However, in determining whether speech constitutes a "true threat," thus forfeiting constitutional protection, our precedent requires either an explicit expression of the intent to commit an act of violence to the victim, or evidence of context that allows for a less explicitly threatening statement to evince such intent to commit violence, nonetheless. O'Brien, 461 Mass. at 424-425, citing Commonwealth v. Chou, 433 Mass. 229, 236 (2001). It is undisputed that the defendant's e-mail does not contain an explicit threat to harm either D.L. or his children. The issue is whether the contents of the e-mail, given the history of animus the defendant had toward D.L., allowed a rational jury to conclude the statement amounted to a true threat.

This court provided an example of sufficient context present to support an inference that speech constituted a "true threat" in J.C. v. J.H., 92 Mass.App.Ct. 224, 225-229 (2017). This court concluded that a defendant's statements to the plaintiff of a restraining order that included "[you] should be scared," "bitch," "[you will] pay the consequences," and that "[t]his will end badly for [you]" amounted to sufficient evidence of true threats when viewed in context of the defendant refusing to stop following and contacting the victim over an extended period of time, despite admonitions from law enforcement. Id.

The following cases provide further examples of sufficient evidence of speech amounting to true threats: Chou, 433 Mass. at 235-237 (defendant's flyers that included sexually charged language and stated victim is missing constituted "true threat," as "defendant's language had no expressive purpose but was instead, intended to 'get back' at the victim by placing her in fear that she might suffer some sexual harm or wind up among the 'missing'"); Commonwealth v. Sholley, 432 Mass. 721, 725-727 (2000) (defendant's statement "Watch out, Counselor," to assistant district attorney, amounted to "true threat" when considering defendant's demeanor, tone of voice, and predictions of "war" and "bloodshed"); A.S.R. v. A.K.A., 92 Mass.App.Ct. 270, 278-280 (2017) (defendant's statements to her former boyfriend that "she fantasized about killing [him]," constituted "true threat").
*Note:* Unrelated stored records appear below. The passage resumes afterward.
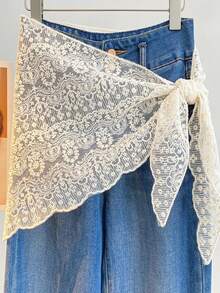 1件装女士蕾丝围裙裙，新款多层半身衬裙，腰部系带遮羞裙 - 彩色 - 查看 6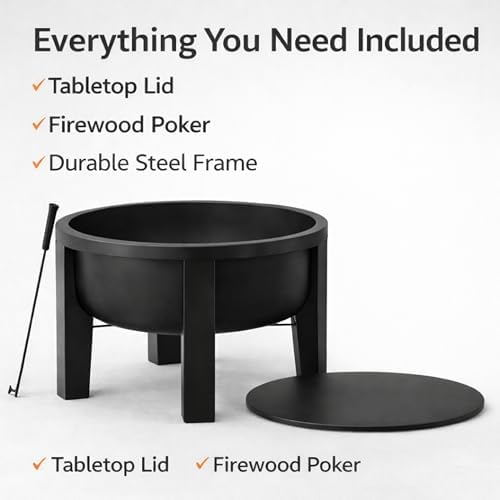 Fire Horse Wood Burning Fire Pit with Tabletop Lid – Modern Outdoor Metal Fir...
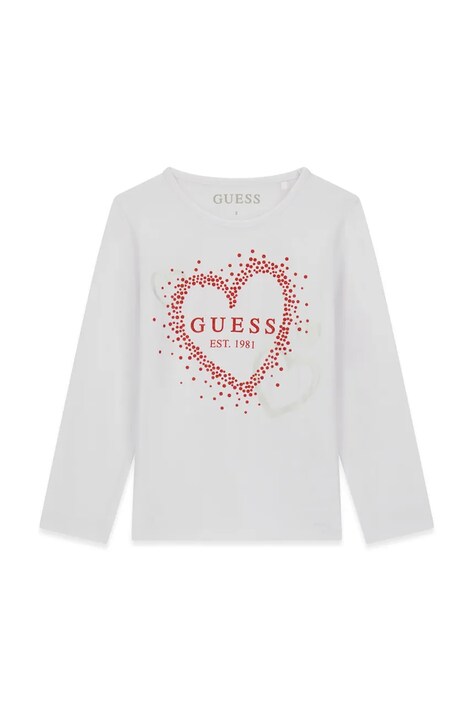Guess Longsleeve dziecięcy bawełniany z elastanem biały K6BI10 K5834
Such context is lacking here. We disagree with the Commonwealth that the defendant's prior statement that she wanted to torture D.L.'s children provided sufficient context to support the reasonable inference that, by copying D.L. in her e-mail to M.K., she intended to convey an intent to physically harm D.L. or his children.
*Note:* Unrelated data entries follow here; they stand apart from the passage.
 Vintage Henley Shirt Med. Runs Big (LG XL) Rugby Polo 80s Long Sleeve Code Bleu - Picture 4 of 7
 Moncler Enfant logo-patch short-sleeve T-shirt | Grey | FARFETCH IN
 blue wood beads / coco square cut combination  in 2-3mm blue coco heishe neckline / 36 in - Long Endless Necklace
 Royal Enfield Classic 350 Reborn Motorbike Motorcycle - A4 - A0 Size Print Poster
Instead, the evidence supported the inference that the defendant, upset by the school committee's refusal to rescind the no-trespass order, lashed out at M.K., as she had done previously to D.L., by making comments about subjecting his children to the bullying that she believed her child had encountered at school. Although the contents of the defendant's e-mail to M.K. may constitute harassment in the colloquial sense, they did not rise to the level of a true threat. See Seney, 467 Mass. at 59 & n.2, 63-64 (e-mail sent by little league player's mother to head coach describing plaintiff "in unflattering terms" and threatening to "forward this email along to the rest of the team if these issues are not resolved" did not amount to true threat sufficient for act of harassment "because, at the very least, it was not directed at him," even when considered in context of defendant's other explicit threats to "punch [plaintiff] in the face" and "break both of [his] knees"); Van Liew v. Stansfield, 474 Mass. 31, 33, 39 (2016) (finding phone call where defendant yelled that plaintiff was "wrong, uneducated or stupid" did not amount to "'true threat' of imminent physical harm or words that would cause someone to fear such harm" even considering defendant had previously "threatened" to "com[e] after" victim [quotation and citation omitted]).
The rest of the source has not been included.